++++ DATA TO USE ++++

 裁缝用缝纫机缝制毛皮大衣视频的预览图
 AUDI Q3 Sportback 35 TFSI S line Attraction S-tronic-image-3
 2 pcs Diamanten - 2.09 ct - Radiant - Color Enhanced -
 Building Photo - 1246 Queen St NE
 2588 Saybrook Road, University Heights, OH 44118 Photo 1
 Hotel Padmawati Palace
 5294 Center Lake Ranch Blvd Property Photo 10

++++
++++ DATA TO USE ++++

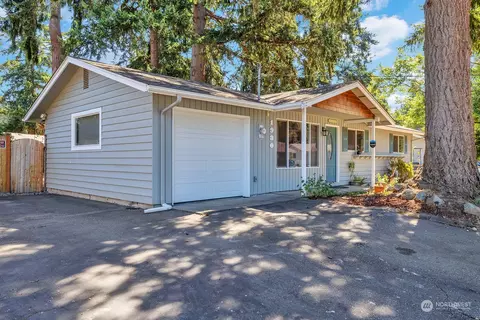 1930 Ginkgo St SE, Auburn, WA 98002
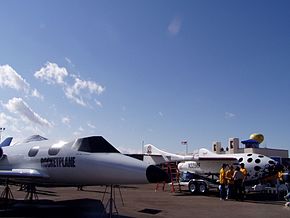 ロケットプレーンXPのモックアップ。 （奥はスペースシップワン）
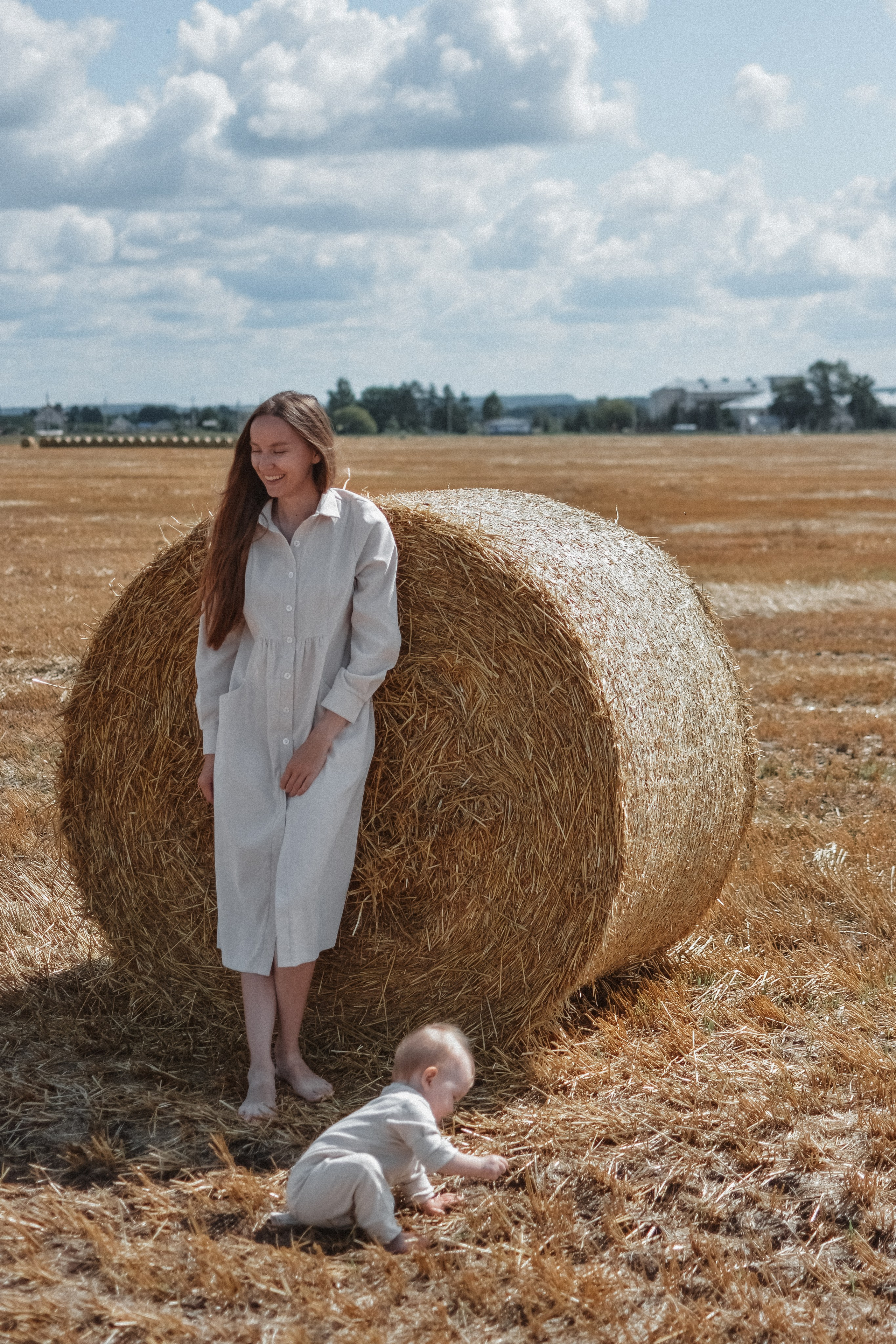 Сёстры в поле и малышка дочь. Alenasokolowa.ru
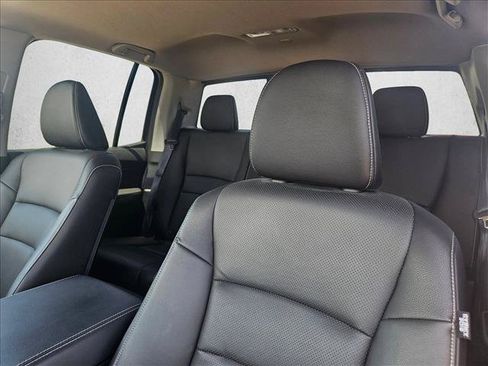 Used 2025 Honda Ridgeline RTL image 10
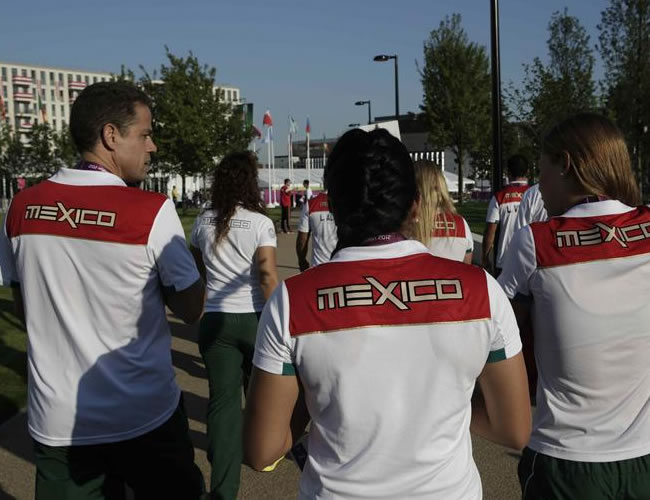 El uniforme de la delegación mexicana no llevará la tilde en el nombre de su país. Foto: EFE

++++

ACTIVITY » Say how many lines of the entries hold the string "Photo". Nothing but the number should be given.

ANSWER TO THIS PROBLEM » 3